Mit unserem Projekt möchten wir unser Publikum für den Zauber des Waldes sowie für die Komplexität dieses Ökosystems sensibilisieren, das gerade in Zeiten von Artensterben und Klimawandel immer wichtiger wird.
Theatergruppe «Back To Wollyhood»
Die Aufführung findet nicht auf einer klassischen Bühne statt – sondern im Wald. Was ist die Idee dahinter?
Unsere Leidenschaft als Gruppe gilt allgemein dem ortspezifischen und immersiven Arbeiten.
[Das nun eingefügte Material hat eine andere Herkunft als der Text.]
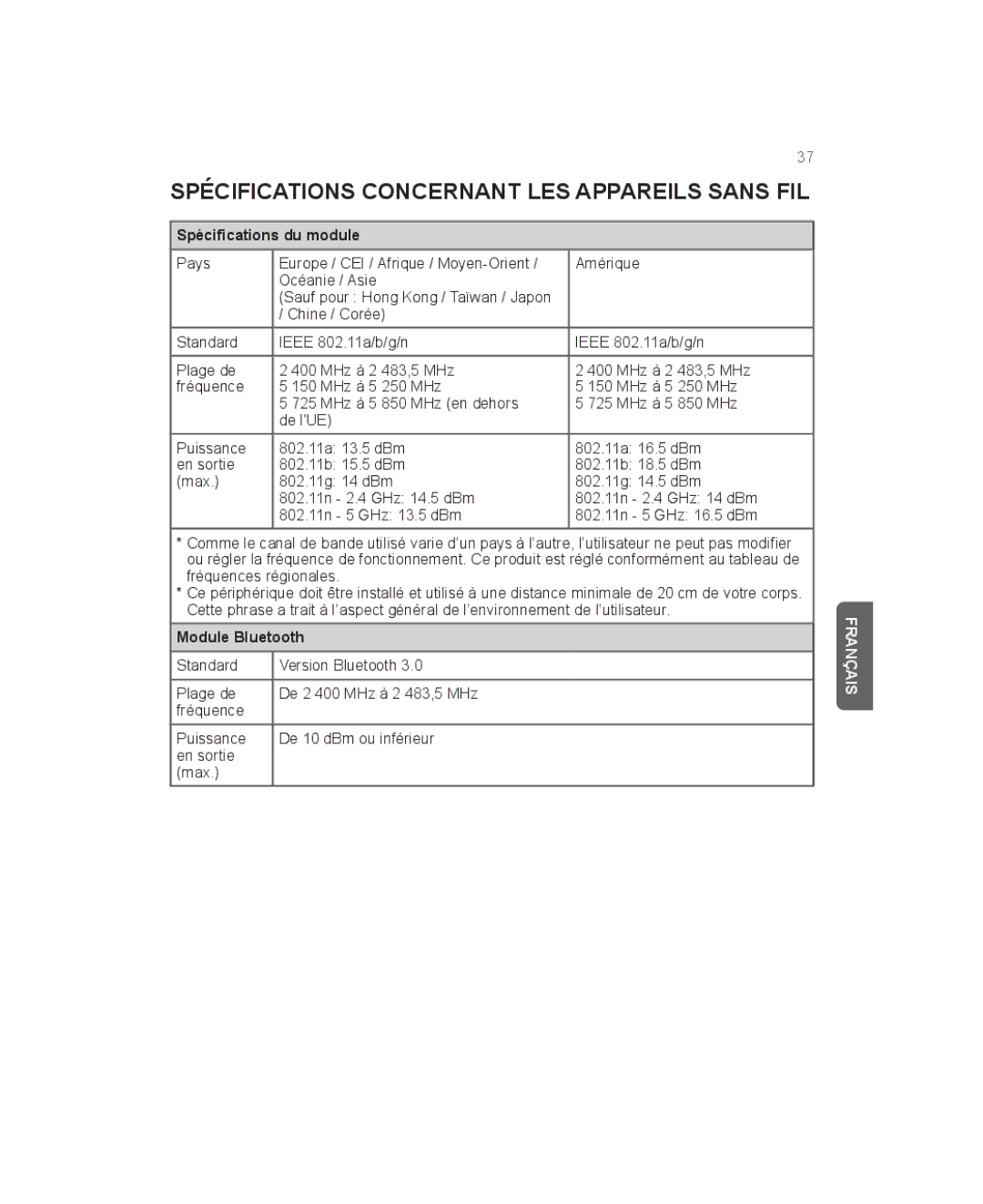 LG Electronics AN-WF500 Spécifications Concernant LES Appareils Sans FIL, Spécifications du module, Module Bluetooth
Wir wählen unsere Orte jenseits des klassischen Theatersaals und entwickeln in ihnen eine fiktive Welt, die sich mit der Realität verschränkt und in der sich unsere Teilnehmerinnen bewegen und mit den Spielenden interagieren können. Dabei tragen wir nicht ein fertiges Stück an den Raum heran, sondern entwickeln unsere Abende ausgehend vom Ort und dessen gesellschaftlicher Bedeutung. Durch die spielerische Verfremdung dieser Orte und ihrer Funktion ermöglichen wir alternative Wahrnehmungen unserer Umgebung.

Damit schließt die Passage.